C’est un versant farouche. Celui des combattants. 




vendredi 24 janvier 2025

L’autre versant

 La ruche dort, mes pas hésitent. Les brins d’herbe ont la couleur du sucre. Des biches traversent le champ. Elles habitent la forêt, en savent tous les détours, les sentiers, les jeunes pousses frigorifiées et les matins frileux.

Mon souffle forme une buée sur le vallon. Au loin, les chasseurs tirent, des chiens aboient. Sur la colline, les chevrettes sont à l’abri. Elles font leur couche dans les parterres de mimosas et façonnent des petits sentiers maintes fois empruntés par leurs sabots têtus.


La ruche dort, mes pas s’enhardissent, les herbes gelées grelottent. Je rentre mettre des bûches dans le foyer.


C’est une aube banale entre le ciel et la terre, la lande et les vallons. 
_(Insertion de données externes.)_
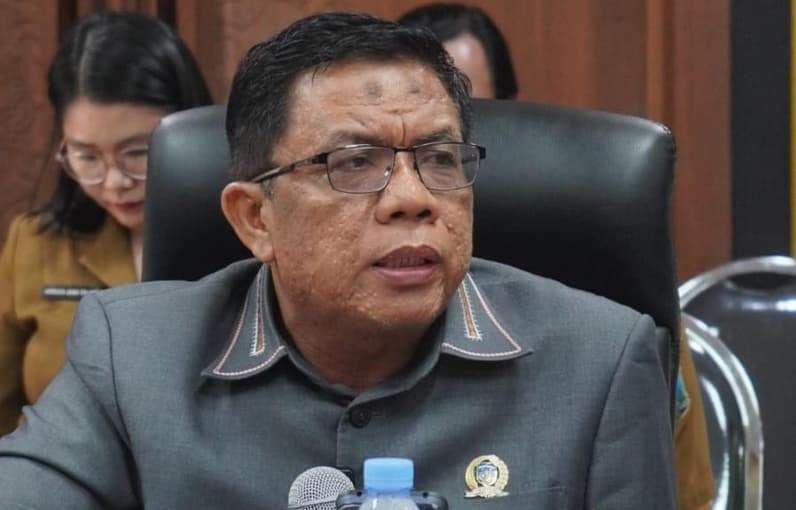 Anggota DPRD Kalimantan Utara, Muhammad Nasir. (Foto: DPRD Kaltara)
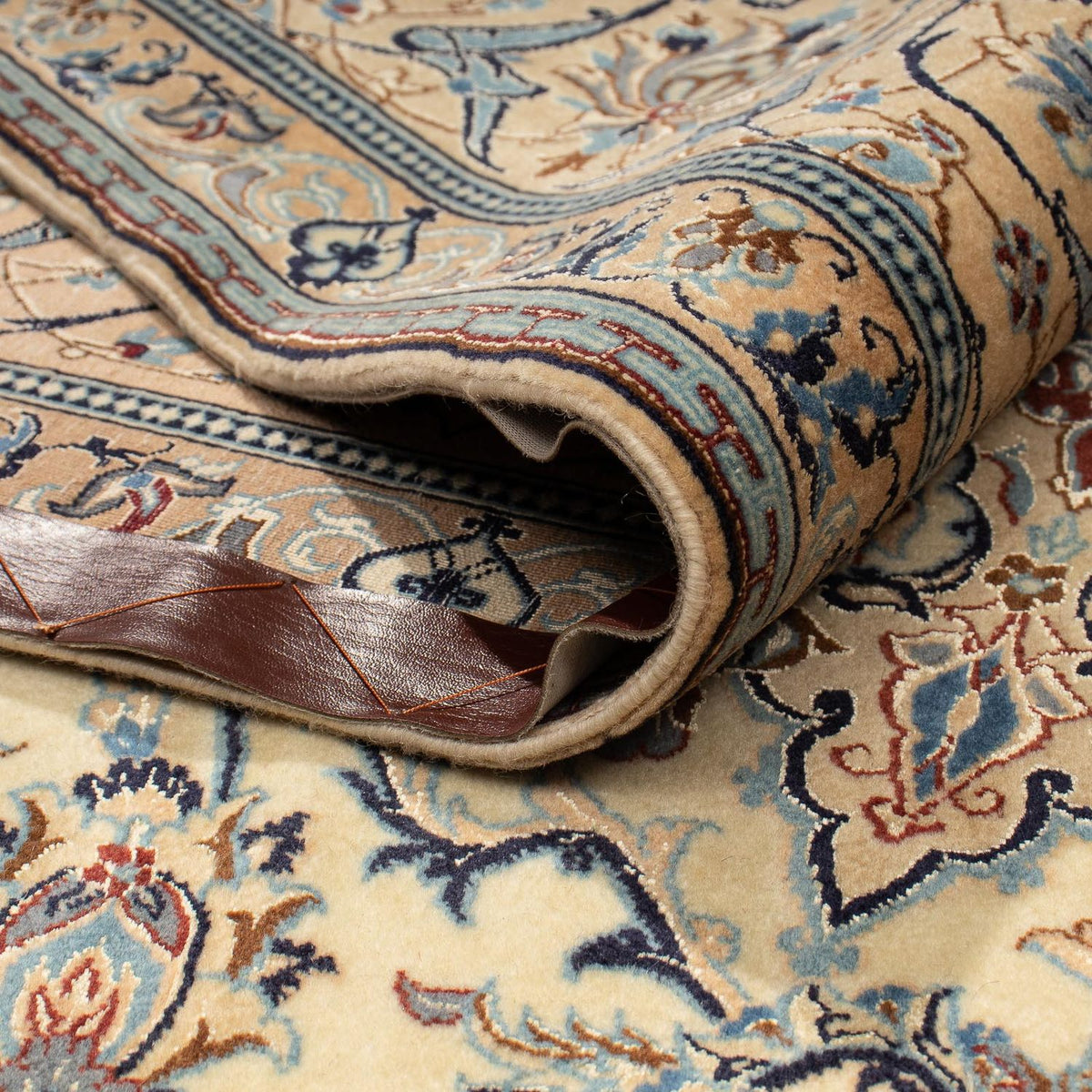 Alfombra Persa - Nain - Prima - 314 x 210 cm - beige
C’est un matin transi, un pastel au fond des bois.



 

lundi 23 août 2021

Au fil des jours, Carnets du quotidien.

 Il y a de l’impudeur à écrire sur soi et puis donner à lire. La crête sur laquelle le « je » se met en scène est digne du funambule. Comment arriver à trouver l’équilibre ? Rester sur le fil avec élégance. Délicatesse. Dire mais sans nommer, avouer sans le dire. Jongler les sensations, louvoyer, maquiller les sourires et puis se dévoiler juste le temps d’un soupir. Et puis se camoufler. De nouveau. Marcher au bord du vide. Sans tomber. Danser avec le beau. Flirter avec le pire. Je vais dans mon journal comme une équilibriste. Un peintre pointilliste. Mes pinceaux vibrent, ardents. Au fil des jours. Fugaces, colorés ou futiles. Ma palette est pudique et la corde est ténue. Je me meus dans l’onde comme un poisson timide et peins avec mes mots comme une enfant fragile. La plume de l’intime peut se poser en fragrances, en senteurs immobiles qui dénouent les silences. Ce carnet sans nul doute est offert au lecteur. Sans projet, sans calcul, il se brode au crochet. Dans un cri, dans un souffle pour encore respirer.



dimanche 22 août 2021

Au fil des jours, Carnets du quotidien.

 Chaque jour, je me demande quand le flux va s’arrêter. Et chaque jour, tout coule. Tout vient. Tout se dépose entre les lignes. Sur la portée. À la coda. Je suis à moi comme dans un livre. Je me confie, je me préserve. Me reviennent les dimanches en famille. Le couvercle était lourd. La musique sonnait faux. Alors je me perchais. Mon unique refuge était une mezzanine où se trouvaient mon bureau, mes cahiers, mes stylos. J’ai grandi solitaire. Ma singulière amie était une chatte grise. Compagne véritable et confidente exquise. Je tenais un journal. J’y compilais mes mots. Me voilà aujourd’hui. Je suis à l’écriture comme dans un cocon. Une bulle, un rempart, un donjon. Je me retrouve petite fille. Blottie dans ma maison. Au loin, la rumeur se fait vive. J’entends les cris. La clameur des troupeaux. Et si demain me bâillonne, je crierai en silence. Forte au milieu du vacarme. Enracinée. Avec au cœur ma pensée libre, mes amis vrais. L’amour brandi, le cœur au chaud.



samedi 21 août 2021

Au fil des jours, Carnets du quotidien.

 Une vie est sans doute possible ailleurs. Autrement. L’histoire bouscule, précipite, désarçonne. J’ai la tête en désordre, le cerveau tout fripé. J’ai le monde à l’automne, les feuilles noires. Le cœur serré. Pourtant, Août a la lumière friponne. Elle taquine les arbres, joue dans les ombres, moleste les nuages. L’air est bon sur les sentiers, le ciel est d’or. Je suis vivante. Ils volent mon sourire, sectionnent mes lacets mais j’ai des godillots. Ils piétinent mes rives, ternissent mes comptines mais j’ai encore des rimes, des tisons et mes mots. La chape est assassine, le soleil brille moins beau mais il y a d’autres grèves, des rivages et des quais où amarrer la coque. Recommencer. Construire d’autres bateaux. Si on tissait des branches, si on grimpait plus haut ? Mais voilà. Août est en sang. Tout déchiré. L’histoire sanglote, tressaille, taillade. J’ai le cœur dans les bottes. Le monde est en morceaux. J’ai le cœur qui sanglote. Demain est incertain. Demain est terrifiant. Demain est maintenant. Je chausse mes souliers, noue bien fort mes lacets pour affronter le vent.